With total sales of over a million, the W168 Mercedes A-Class is possibly the best selling flop ever. We chart its fall.
The 2012 announcement of Mercedes’ third-generation A-Class and its radical re-alignment in ethos and market position has been seen by most observers as as an expedient business decision based upon 15 torrid years in the compact car game. While for the most part Daimler’s U-turn has elicited little criticism, it could equally be regarded as a sign that Mercedes has conclusively lost the argument.
The ’97 A-Class is a fascinating study as much for what it was as what it represented, charting the loss of influence wielded by Mercedes’ once dominant engineering function. Ultimately though, it illustrates the limits to which a prestige brand can realistically be stretched.
Under the leadership of Jürgen Hubbert, Daimler-Benz embarked on what’s best described as a cultural revolution. Having made its name with generations of imperious, rational and expensively engineered saloons, Hübbert saw aggressive market expansion to be where Mercedes’ star should henceforth point. Small cars were nothing new at Stuttgart-Untertürkheim.
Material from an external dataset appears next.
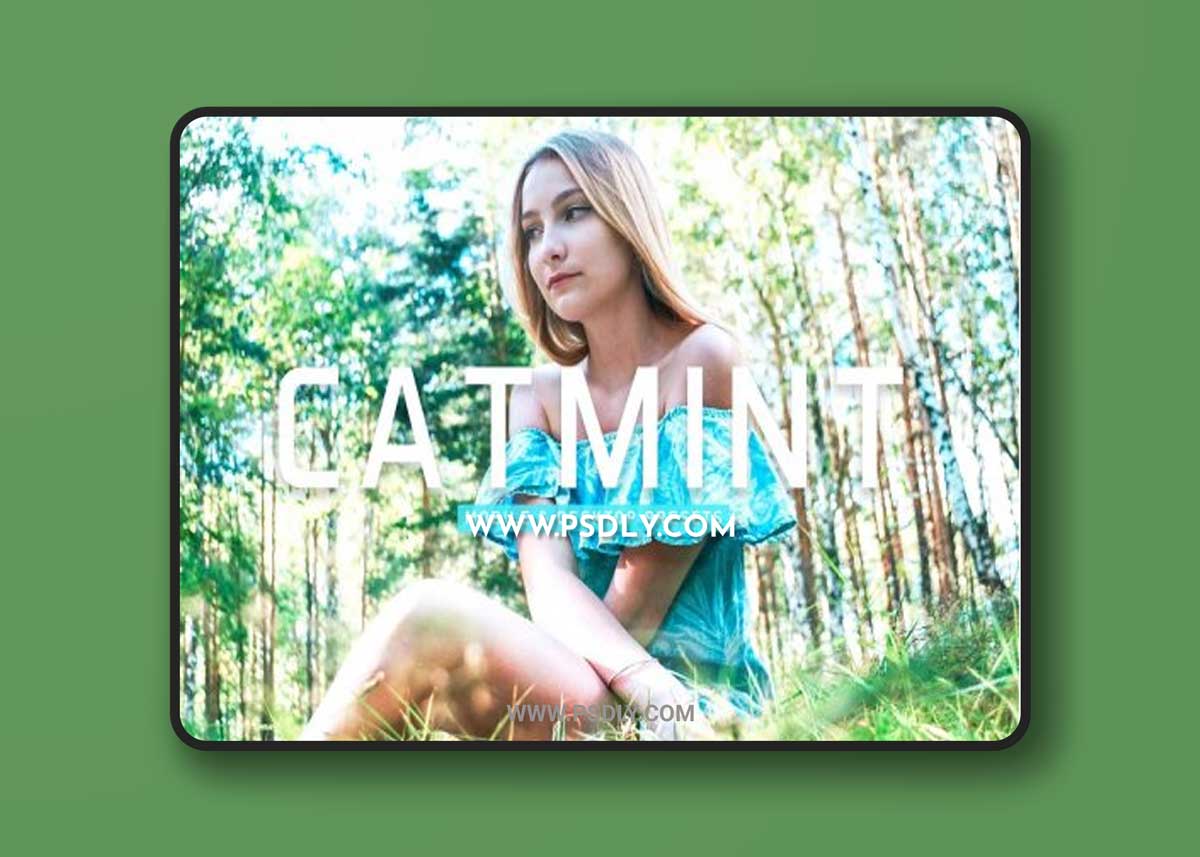 CreativeMarket - Catmint Pro Lightroom Presets 6926796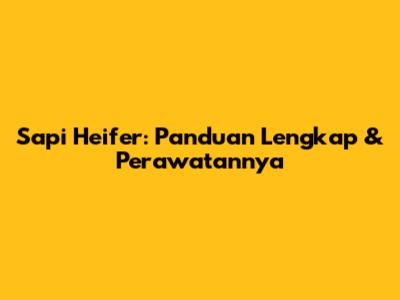 Sapi Heifer: Panduan Lengkap & Perawatannya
Engineers had already successfully downsized the traditional full-sized saloon with the masterful 1983 W201 series, but a switch to a front-wheel drive hatchback still appeared unthinkable.
With passenger safety a prime concern, engineers adopted a technically intriguing solution to crash performance, interior space and the potential for future electrification. Befitting their heritage, the twin-floor solution was elaborate, well-wrought and expensive. It also allowed for a more compact footprint. Hubbert approved the design, displaying the core principles in the 1993 Vision-A concept.
Launched to an largely unprepared world in 1997, the W168 A-Class elicited little awe, but plenty of shock. Short, stubby and rather upright, it was about as definitive a departure from three pointed norms imaginable. Famed for their sober, conservative and expensively engineered saloons, A-Class was a giant step into the unknown.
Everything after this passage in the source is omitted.